◆ **Work required**
Begin with the first line below and retype each line exactly through the line containing "Hi, my name". Any pictures are to be left out.

◆ **Given data**
##########

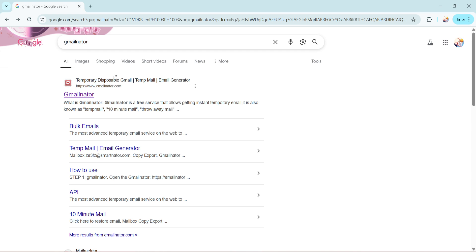GmailNator is one of the web-based tools that generates temporary Gmail accounts, which can help keep your personal email clutter-free from unwanted emails. It's a handy tool when you're trying to manage multiple signups or need an email address for short-term use.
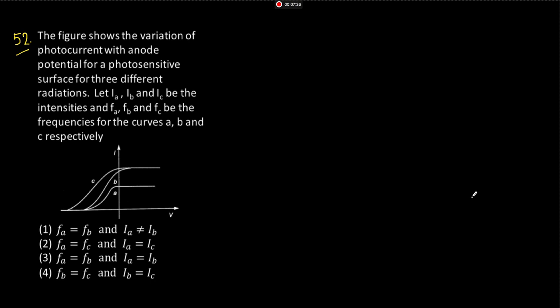Tell me, frequency of A, is it same as B? See this stopping potential is same, right? That is why frequency of A will be equal to frequency of B. Now stopping potential of C is more than A and B. So frequency of C should be? Less? More. More.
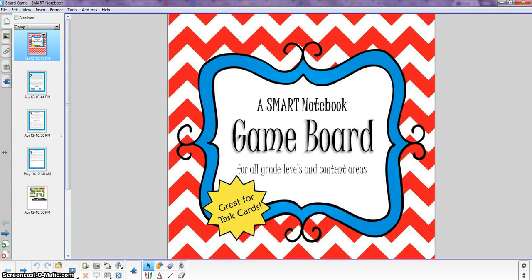Hi, my name is Dana Morgan and this is just a quick demo of a game board that I created in Smart Notebook.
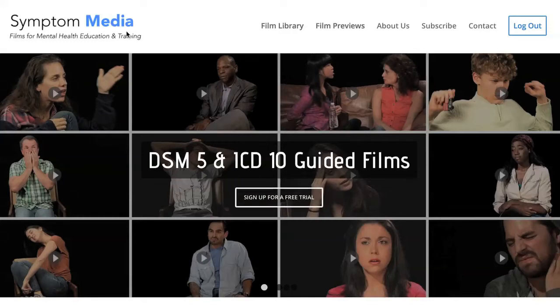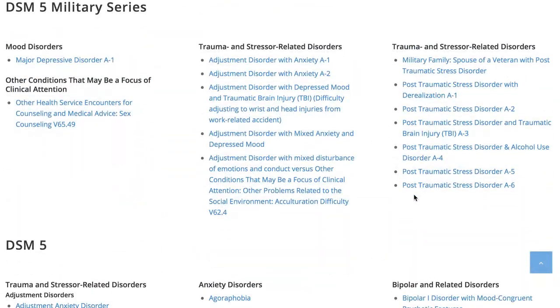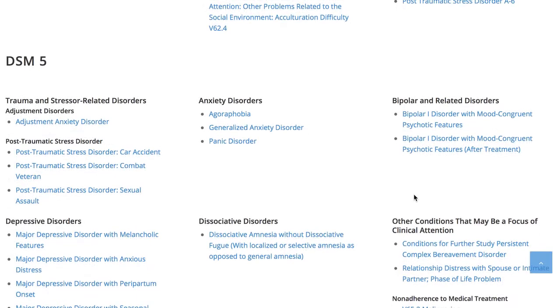Welcome to a preview of a Symptom Media DSM-5 Guided Case Study. How are people using Symptom Media's DSM-5 Guided Cases? With access to over 500 assessment tools, DSM-5 and ICD-10 Guided Cases, educators can smoothly integrate videos within lectures and discussions with an easy-to-navigate index library page. Be sure to visit SymptomMedia.com to sign up for a free trial today.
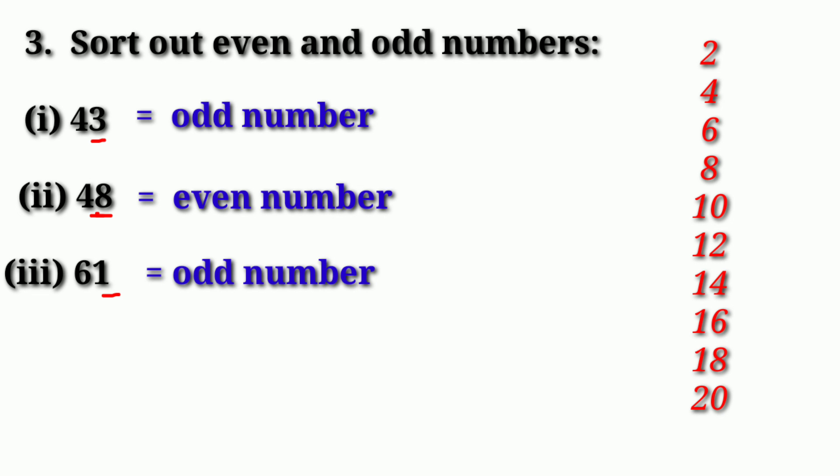So this way you will know the odd number. If the last digit is not on the table, it will be odd. If you are in the table, it will be even.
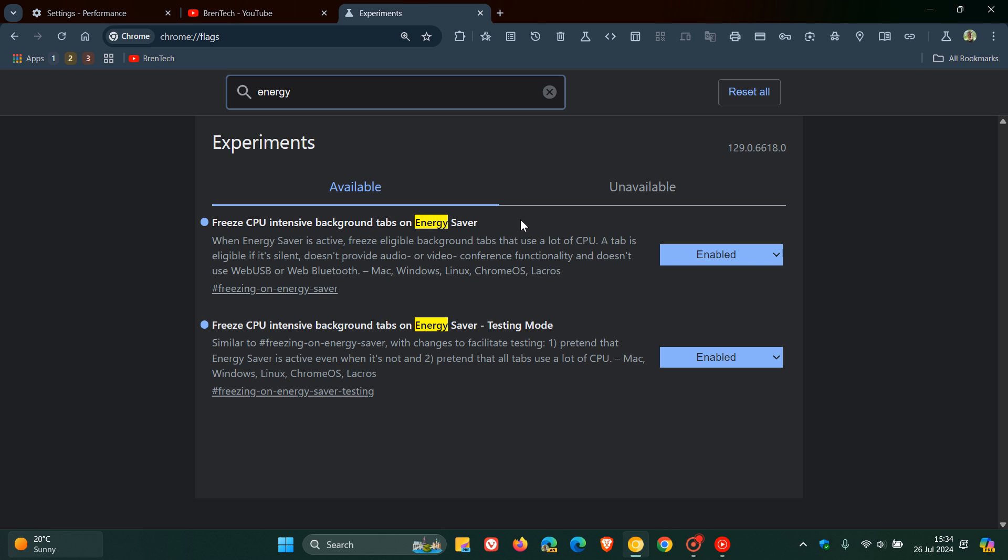So the flag is 'Freeze CPU-intensive background tabs on Energy Saver'. The complete description reads: when Energy Saver is active, freeze eligible background tabs that use a lot of CPU. A tab is eligible if it's silent, doesn't provide audio or video conference functionality, and doesn't use web USB or web Bluetooth.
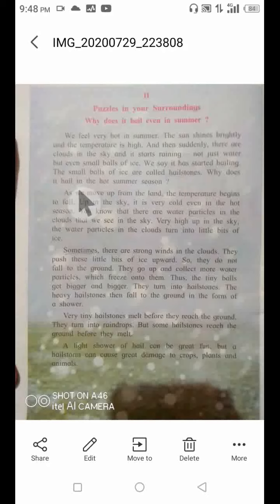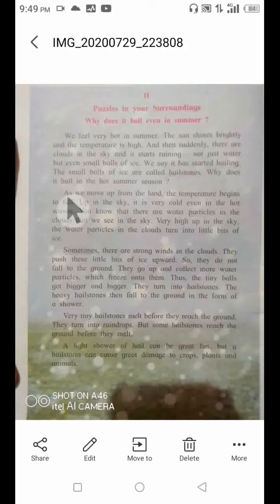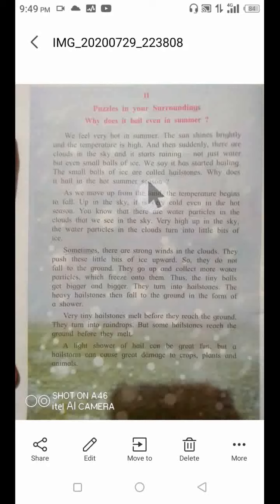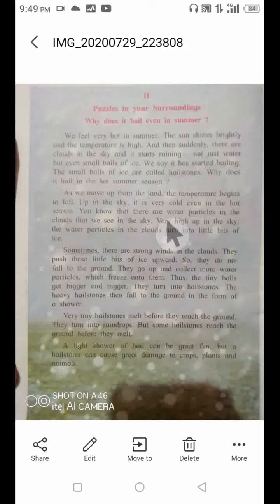So why does it hail in the hot summer season? Normally we think that snow or ice hailstones would fall only in winter or maybe in the monsoon season. But sometimes hailstones fall in summer too. Why? We have seen the answer in the last video — because very high up in the sky the water particles in clouds turn into little bits of ice.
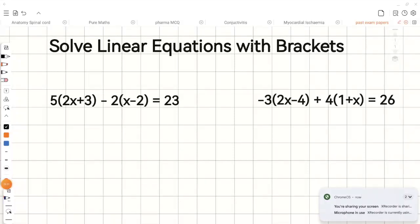In this video we're going to look at how to solve linear equations with brackets. Let's look at the first example.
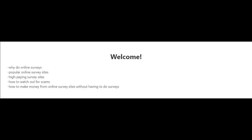Welcome to this video series in which I'm going to be talking about online surveys and how to make money from online survey sites.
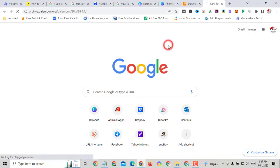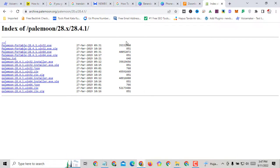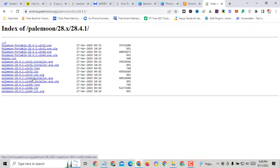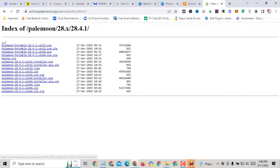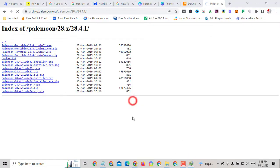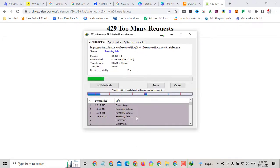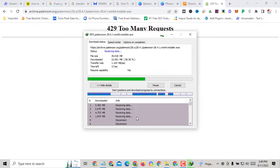First you must download, or you can install macros and install a MacBook. Then paste the machine and install a mouse.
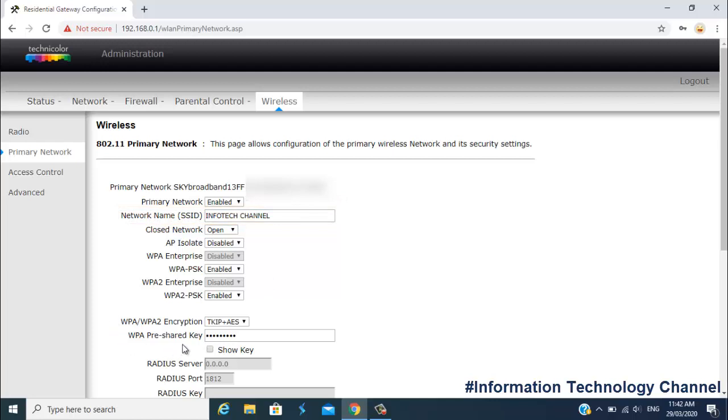And you can change your WiFi password right here. Any password you want, just make sure it's secured and hard to guess.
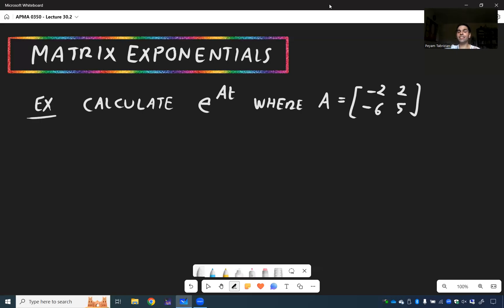The amazing thing is we can not only use eigenvalues and eigenvectors to find powers of matrices, but also use them to find E to a matrix.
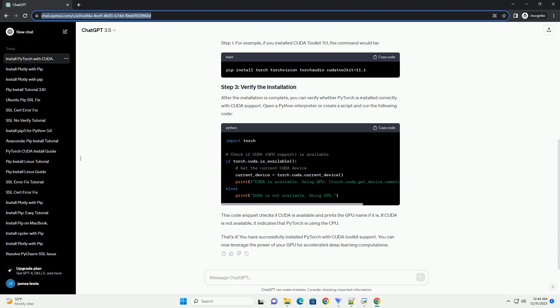After the installation is complete, you can verify whether PyTorch is installed correctly with CUDA support. Open a Python interpreter or create a script and run the following code. This code snippet checks if CUDA is available and prints the GPU name if it is. If CUDA is not available, it indicates that PyTorch is using the CPU.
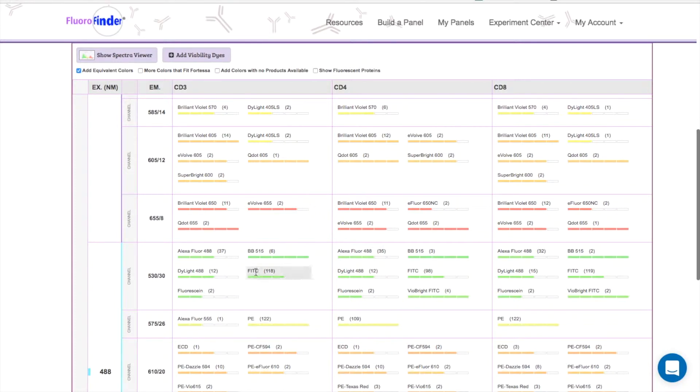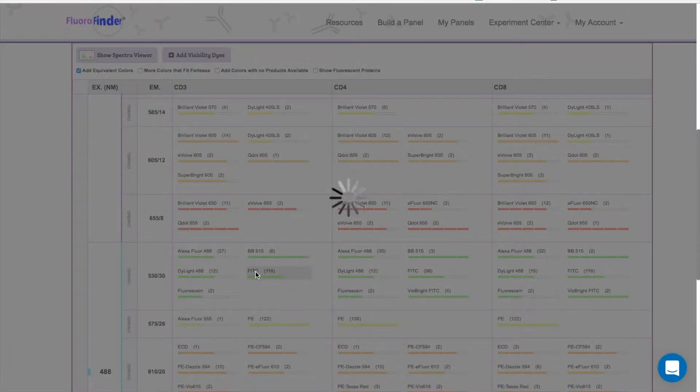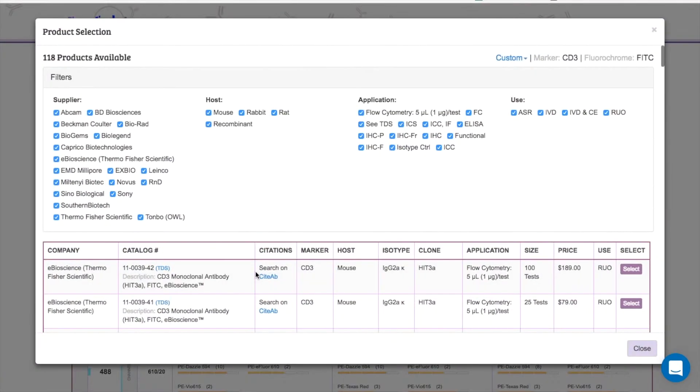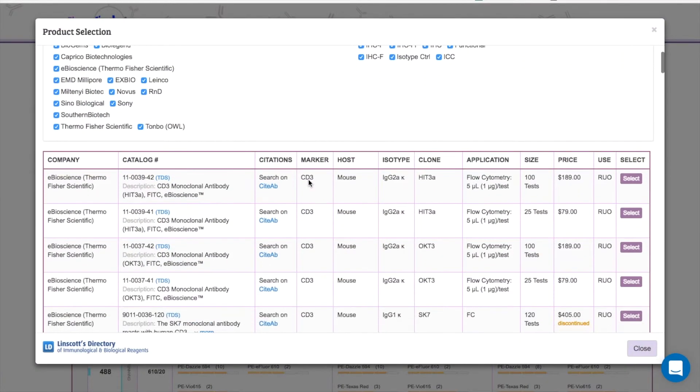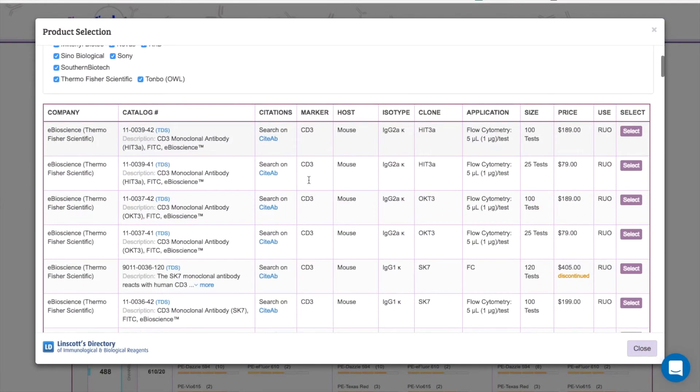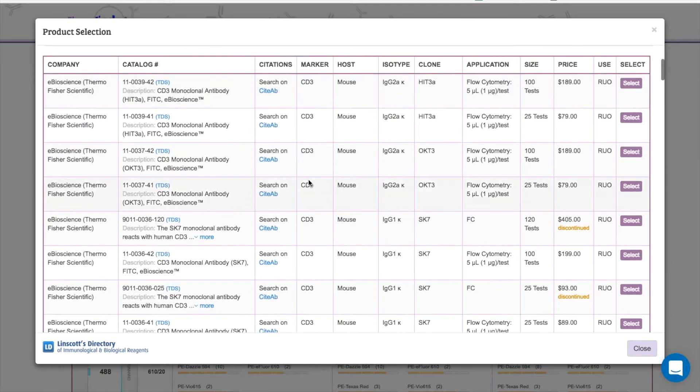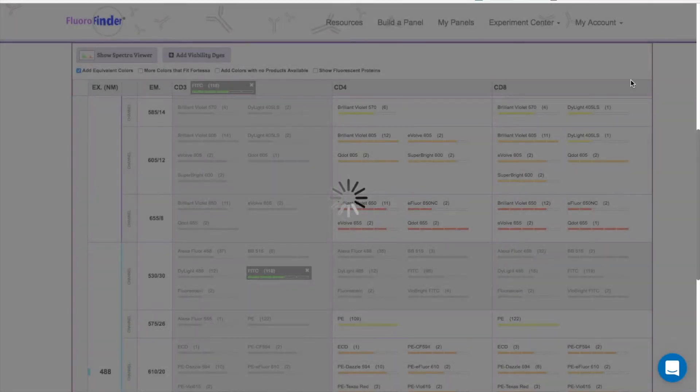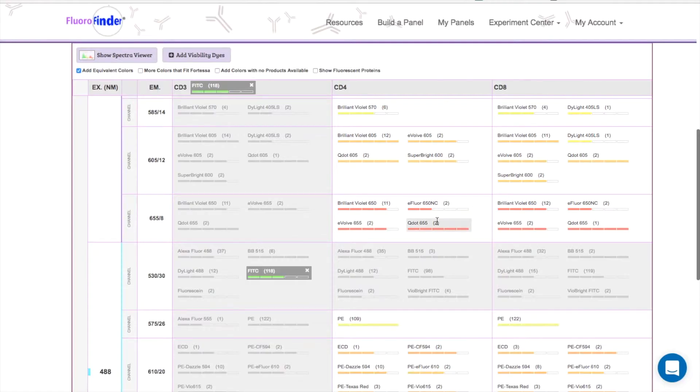So let's say I want to use FITC for the CD3 marker that I entered in the previous step. When I click here, a window will pop up where you can select from all CD3 FITC markers that we have in our database. I'll go ahead and just select one.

##########

◆ **Answer for this exercise**
GmailNator is one of the web-based tools that generates temporary Gmail accounts, which can help keep your personal email clutter-free from unwanted emails. It's a handy tool when you're trying to manage multiple signups or need an email address for short-term use.
Tell me, frequency of A, is it same as B? See this stopping potential is same, right? That is why frequency of A will be equal to frequency of B. Now stopping potential of C is more than A and B. So frequency of C should be? Less? More. More.
Hi, my name is Dana Morgan and this is just a quick demo of a game board that I created in Smart Notebook.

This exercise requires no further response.